Va però detto con franchezza che sulla vicenda delle dimissioni (annunciate, poi sospese, poi rinviate, poi confermate a mezza bocca e, infine, ufficializzate oggi) della presidente della regione Umbria ha clamorosamente perso un’occasione per esercitare la sua leadership, mostrando il fianco a tutti i suoi critici (fuori e dentro il partito).

Il Pd aveva infatti il dovere di esprimersi in modo chiaro sulla vicenda (cosa che non ha fatto per  settimane), perché altrimenti ne esce un quadro opaco e perfettamente idoneo ad incoraggiare interpretazioni in chiave di puro opportunismo.
Avrebbe potuto scegliere (a Roma come a Perugia) una linea di assoluto garantismo, lasciando la vicenda giudiziaria al suo corso senza parlare di dimissioni della Presidente. Oppure avrebbe potuto sposare un approccio di massimo rigore, valutando opportuno interrompere la vita dell’amministrazione alla luce delle pesanti ipotesi di reato.

Invece ha scelto una condotta “né carne né pesce”, con Roma su una linea a favore delle dimissioni ed i consiglieri regionali che in Umbria hanno votato una mozione che dice il contrario (sabato).
In mezzo c’è la presidente Marini, anch’essa portata a dire cose diverse a seconda del giorno in cui viene intervistata, per poi giungere oggi alla formalizzazione delle dimissioni (in significativo contrasto con tutte le sue dichiarazioni di queste ore).

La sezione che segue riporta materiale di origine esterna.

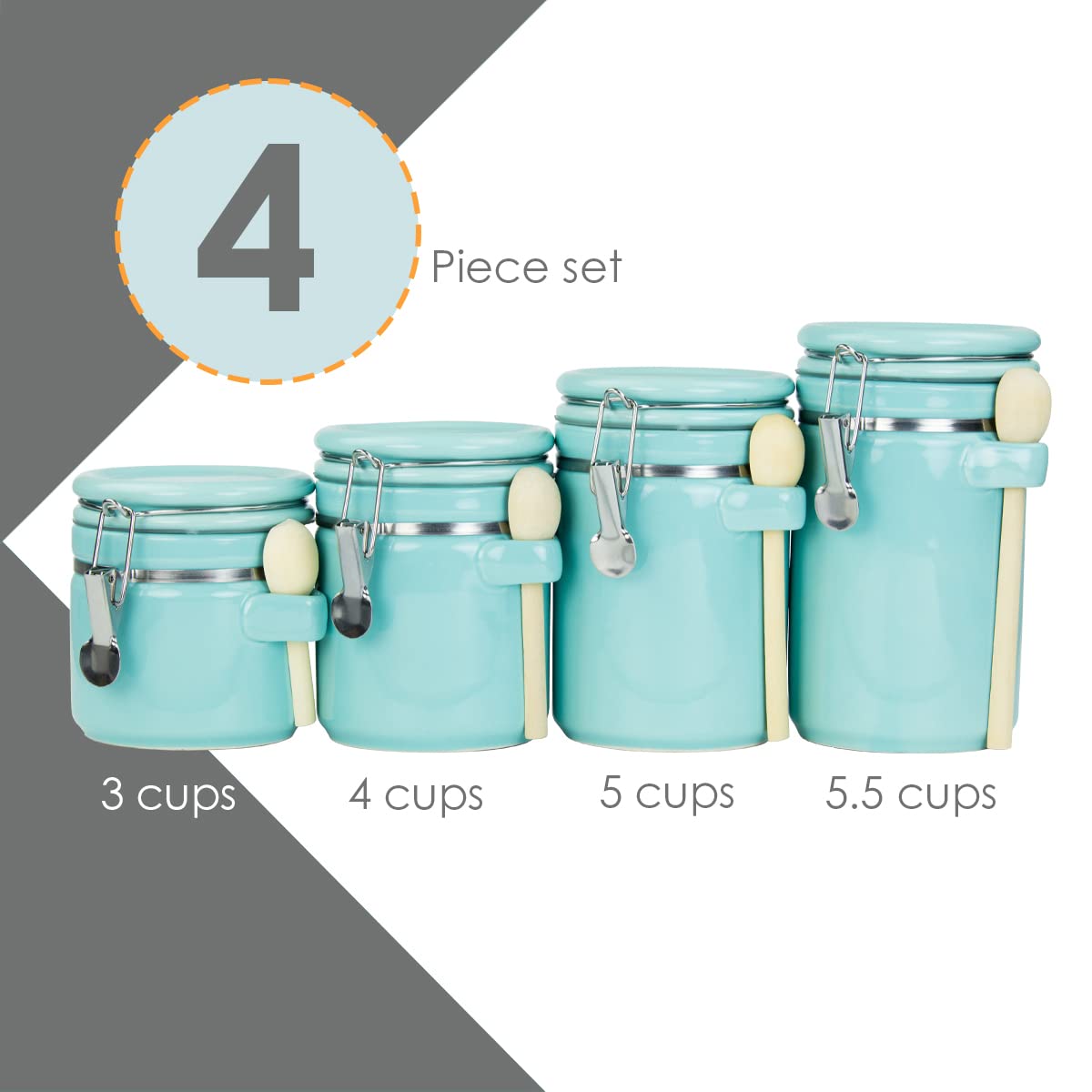 Canister Sets For The Kitchen (4 Piece) Turquoise, High Gloss Ceramic | By Home Basics | Decorative Set | With Wooden Spoons, Co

Insomma uno spettacolo piuttosto desolante, non degno di un nuovo corso che dovrebbe portare la sinistra italiana ad essere capace di costruire una credibile alternativa di governo.

La valutazione politica è sempre necessaria di fronte ad inchieste che riguardano esponenti di primo livello delle amministrazioni. Nel caso umbro Zingaretti ha sposato subito la linea delle dimissioni, arrivando a pronunciare (ieri a Mezz’ora in più) parole forti: “nel Pd che ho in mente se qualcuno si vende i concorsi siamo noi a cacciarlo senza aspettare le procure”.
In Umbria però è successo (per troppo tempo) l’esatto contrario. Regalando così a Salvini e Di Maio una prateria di polemiche in cui scorrazzare a piacimento.